Friday 19 June 2015

Much and the Standing Stones

This coming weekend is Solstice. Midsummer. You could have fooled me. We got grey skies, north wind and intermittent rain. 'Er's just put 'er winter sweaters away, and had to go and get 'em all out again. We ain't seen any 'edge'ogs this year, and I reckon they've all gone back for another week or two of 'ibernating. And if the weather's in a foul mood, 'er's no better. Going about with a face like Grumpy Cat. 'Er wants to get away to somewhere down south where it's warm.

Stone'enge is down south, a long blooming way down south, and this weekend it'll be full of 'appy 'ippies celebrating the solstice. It were built about 4,500 year ago, and the mystery is that some of them stones don't come from round about there at all, they come from Wales. Archyolologists have been scratching their 'eads for centuries trying to work out how you get a five ton lump of stone from Wales to Wiltshire when you ain't got all your modern technerlogies. They're asking the wrong questions. They ask 'ow, when the question is 'oo?

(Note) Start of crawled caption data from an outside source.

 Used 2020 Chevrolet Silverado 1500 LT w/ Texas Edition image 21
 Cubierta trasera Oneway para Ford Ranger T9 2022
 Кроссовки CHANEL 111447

Gnomes may be small but we're tougher than we look and we know about stone, seeing as it's what we're made of. Gnomes in the old days 'ad muscles like boat ropes. There's gnome lore from way back in time, but 'umans fon;t know it. You may hear stories of King Arthur and the Round Table, but nobody ever told you about King Arthur and the Fishing Rod Gnomes of 'is Garden Pond, did they? Merlin the Magician, where did 'e get the idea for 'is pointy 'at?

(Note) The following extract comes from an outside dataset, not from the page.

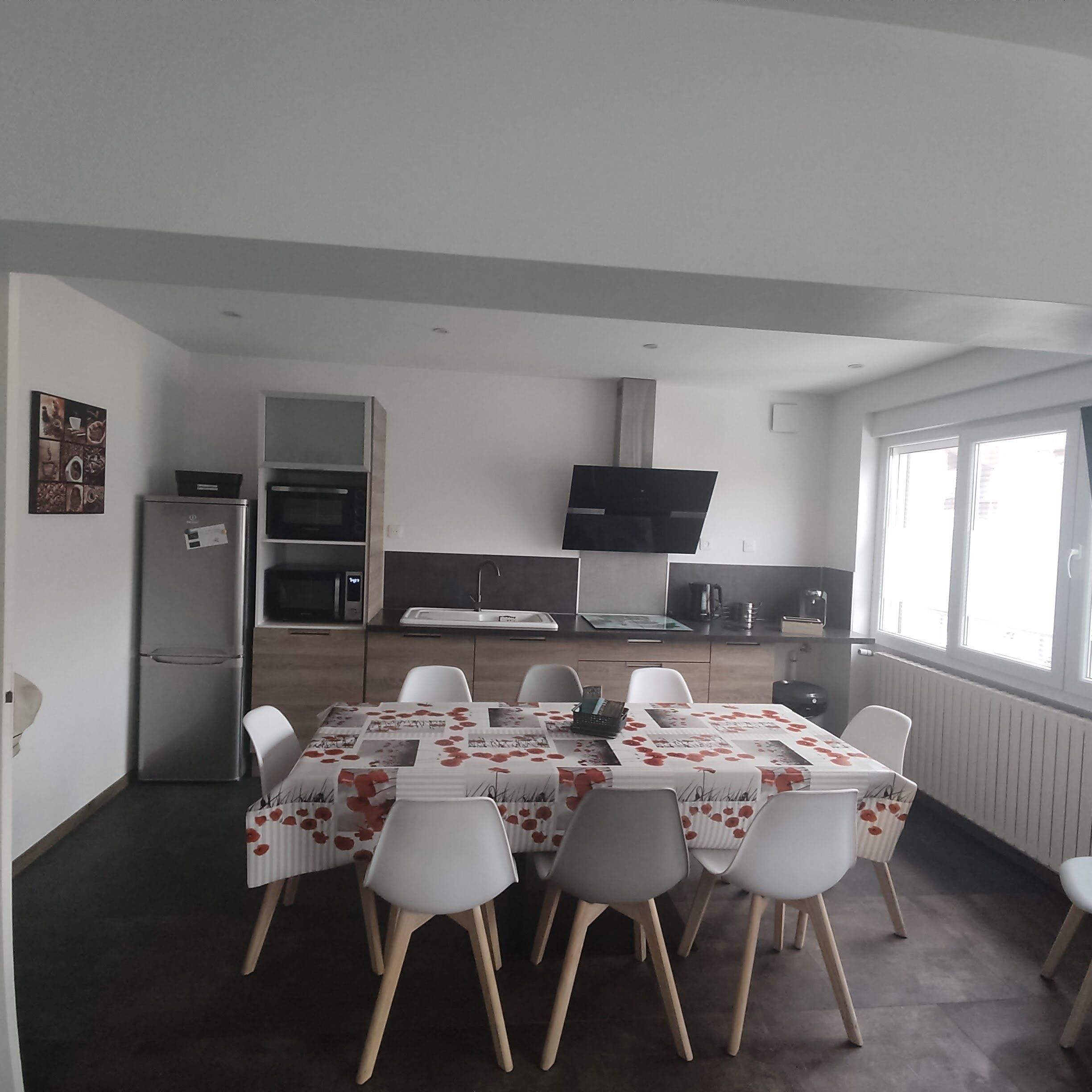 Restauration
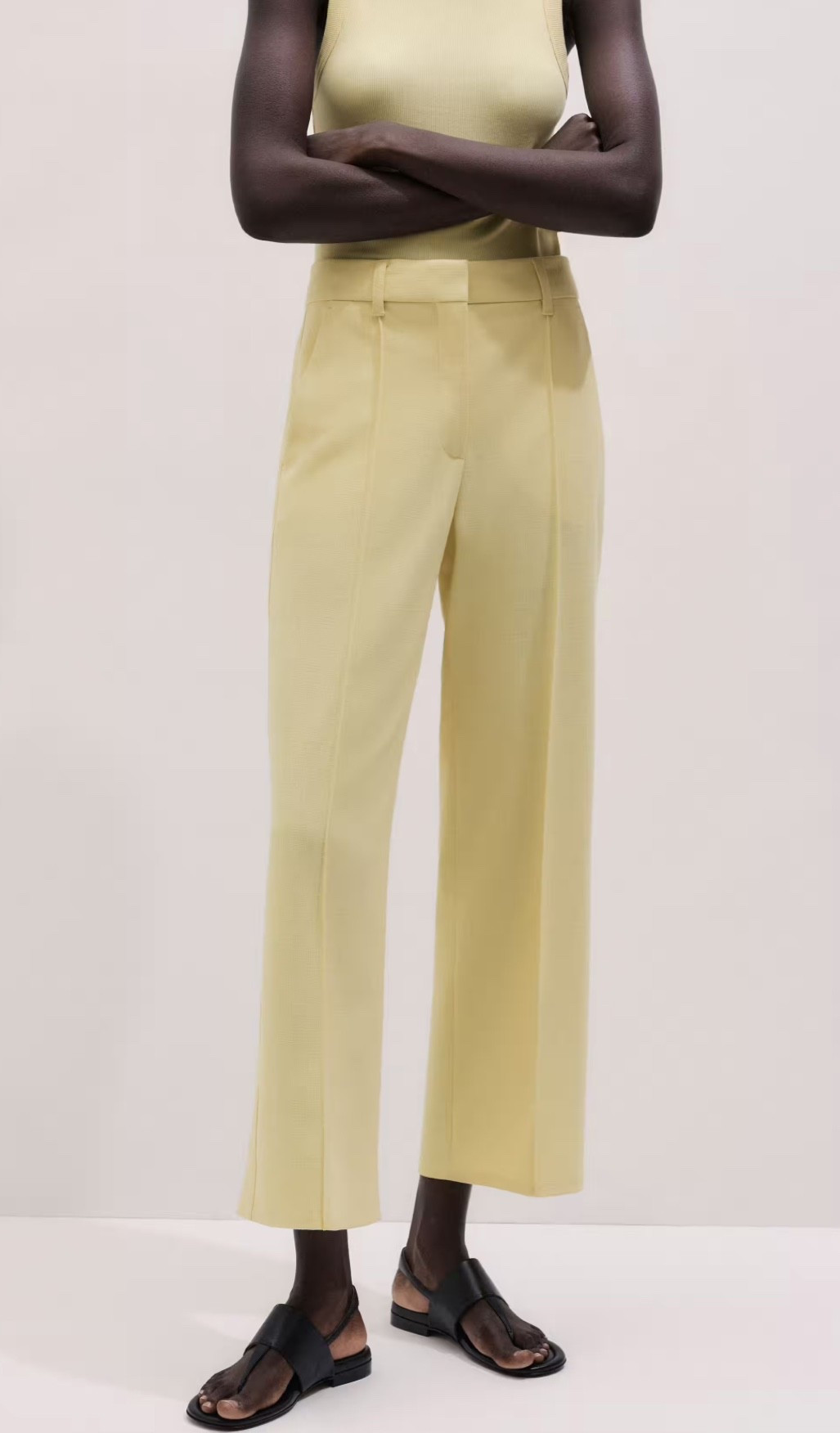 Butter Yellow 💛

#LTKootd #LTKPetite #LTKSeasonal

It were gnomes that got the contract for building Stone'enge, and they 'appened to know where to lay their 'ands on a nice bit of blue stone. It were epic, that were, two thousand gnomes moving them stones, log-rolling 'em, snail-dragging 'em, picking 'em up and carrying 'em, all that way. They say you couldn't see the gnomes, just a stone with 'undreds of little legs marching across the landscape. And when they got there, what did the Druids say? Oh, they said, we don't want them stones. We've already started building with the local sarsen, we don't want your blue ones, they won't match.

Well, we aint taking 'em all the way back, said the gnomes. They dumped them stones, got on their snails and rode off with trails of smoke be'ind them, because snails could set a cracking pace in them days, especially with an angry Druid be'ind them. And them stones is still there where they left 'em.

2 comments:

Songmorning said...

So it's not just America that's unusually cold this year, is it?

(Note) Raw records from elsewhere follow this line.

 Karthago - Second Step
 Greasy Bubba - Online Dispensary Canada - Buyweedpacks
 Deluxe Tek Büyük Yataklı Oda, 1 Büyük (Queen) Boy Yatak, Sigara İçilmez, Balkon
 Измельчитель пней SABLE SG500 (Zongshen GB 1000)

I'll have to show this one to my dad, though. He's an astronomer and has been to Stonehenge, so I'm sure he'll enjoy this lore about it.

margaret mcallister said...

It's 'nithering' as we say here. The latest theory about Stonehenge is that the existing stones are the foundation for a platform, so the Druids could be nearer to the sun, moon and stars in their worship.